Bahrain Foreign Minister Khalid bin Ahmed Al Khalifa, left, Israeli Prime Minister Benjamin Netanyahu, President Donald Trump and United Arab Emirates Foreign Minister Abdullah bin Zayed al-Nahyan Abraham stand on the Truman Balcony during the Abraham Accords signing ceremony on the South Lawn of the White House on Tuesday, Sept. 15, 2020, in Washington.
Alex Brandon, Associated Press

On Tuesday, President Donald Trump presided over a historic peace agreement between Israel and two Gulf states — United Arab Emirates and Bahrain — in an effort to normalize relations in the Middle East.

Unknown to most onlookers from the Beehive State, however, is the behind-the-scenes work of one Utahn to help these deals come about. Miles Hansen, CEO of World Trade Center Utah, was previously the director of Gulf affairs at the National Security Council inside the White House, and he joined Deseret News opinion editor Boyd Matheson on KSL NewsRadio’s “Inside Sources” to lend his perspective on the accomplishment.

The following has been edited for length and clarity.

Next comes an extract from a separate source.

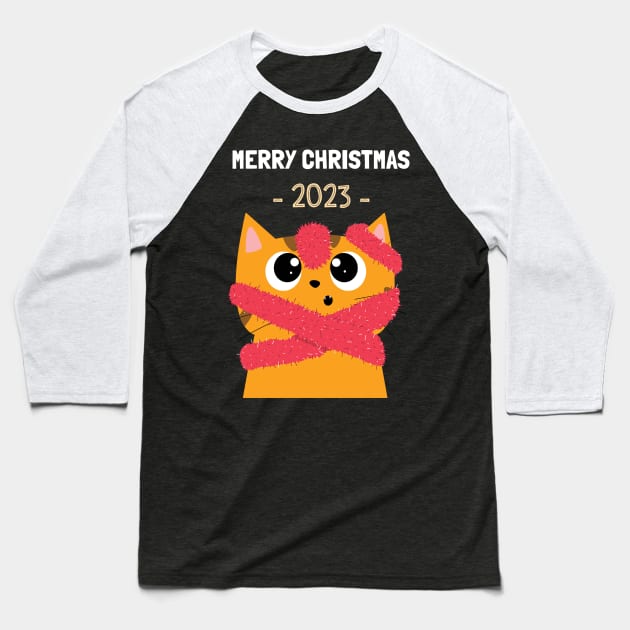 Cat Lover Christmas Baseball T-Shirt by TayaDesign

Boyd Matheson: You were the director of Gulf affairs at the National Security Council inside the White House, so you have a lot of experience in the Middle East. What does this mean in terms of these peace accords being signed at the White House today?

Miles Hansen: You know, it is exciting, and it’s days like today where I miss just a little bit of being back in Washington, because I had the honor and the opportunity to be helping them manage and build our relationship with several countries in the Gulf region, including the United Arab Emirates and also Bahrain — both countries that have bright futures, critical partners of the United States, and just full of wonderful people who are doing pretty innovative things and in a pretty tough neighborhood.

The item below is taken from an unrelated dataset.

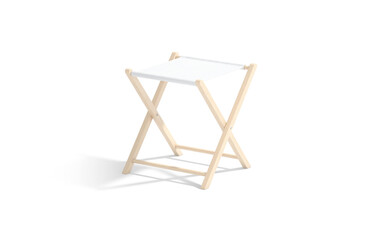 Blank white camp folding stool mockup, png, transparent background, 3d rendering. Empty travel chair with sling seat mock up cut out. Clear foldable canvas chaise summer camping or picnic template.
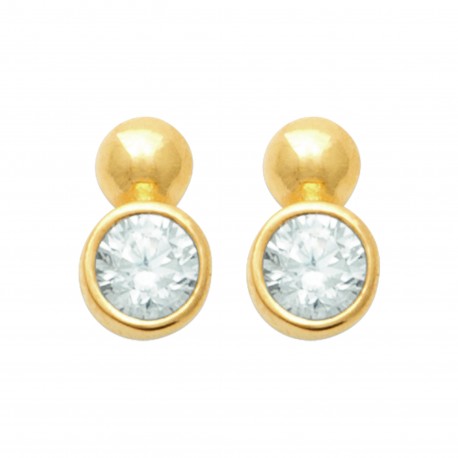Boucles d'oreilles puces plaqué or pierre sertie clos en zirconium blanc pas chères obrillant-bijoux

I’m excited to see the signing today. This is a culmination of a multiyear effort. And whether people support the Trump administration or critical of the Trump administration, this is unquestionably a big day for the Trump administration and a big win. The president came in working to shore up our relationship with Israel, also to build strong relationships with our Gulf partners, including the United Arab Emirates and Bahrain. This is a culmination of that effort.

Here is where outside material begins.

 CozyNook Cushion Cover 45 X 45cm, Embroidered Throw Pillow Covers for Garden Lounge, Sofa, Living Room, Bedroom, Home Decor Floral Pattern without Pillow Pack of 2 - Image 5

Over the time I’ve worked in the White House, of any region in the world I’m not aware of any countries that the president personally spent more time investing in these relationships on phone calls, in meetings, through letters and text messages — everything else — then our Gulf partners, which means that that kept me busy, but also means that we built up relationships of trust that enabled us to move our partners to come together in a really historic agreement.

BM: Jared Kushner, who’s also played a vital role in a lot of these negotiations, used the phrase that in deal-making, everyone’s a no, until they’re a yes. And I think that especially plays true in the Middle East. Is that right?

MH: Yes, it absolutely is correct. And sometimes the darkest moments in those negotiations are right before dawn, right before you get the yeses. People are focused in on trying to get as much as they can out of a deal. And there’s no question about it. This was a negotiation. There was horse trading involved. This is deal-making at its finest, but at the end of the day, Jared does deserve a lot of credit. The Emirati ambassador in Washington, D.C., Yousef Al Otaiba — a close friend and an incredibly effective diplomat and statesman — he was very much involved in brokering a lot of these deals, as well. But it was deal-making, it was negotiations, it was a very challenging process, and so again, credit is owed to everybody involved for getting the party say yes and getting this deal done.

BM: Deals like this, while they don’t solve all the problems of the Middle East, they do create space for democracy to be strengthened — for freedom of the press, and freedom of speech and freedom to gather — all of those things are expanded on days like today, and that has to be a good thing for freedom and for peace, and how much time and attention and treasure the United States has to invest in order to keep those critical allies in the ballgame.

MH: There are definitely values that we share that are important in the region and we want support those that also share values. In the Middle East, there are few countries that share all of our values, with Israel as the one key exception in terms of the state that does share all of our values. The other states, it’s a bit of a mixed bag. What we want to do is identify where we do have shared values and build on those and strengthen the relationship with the expectation that over time, the overlap between our values and their values will grow.

Setting aside values, we just have straight up real politic interests in the region. We have a lot of interest in Bahrain, where we have our Middle East naval fleet headquartered there. We have a lot of interest in the United Arab Emirates, and of course in Israel, as well. So as we strengthen relationships across these critical partners and allies in the region, that is a win for us on the value perspective, but just as importantly, it’s a win in terms of our interests.

When you look at a map just across the waterway from the UAE and Bahrain, you’ve got Iran, and Iran has been creating a lot of instability across the region for many years. And as we look at the Gulf, Arab states solidifying relationships with Israel, those set of countries are the best position to push back against Iran. And we want to strengthen our partners and allies so that we can work through them to provide security to the region, and not have to bear that burden ourselves.

These agreements, these relationships are going to ease the burden that we have to bear when it comes to providing security and free commerce and trade and protecting our economic interests in the region.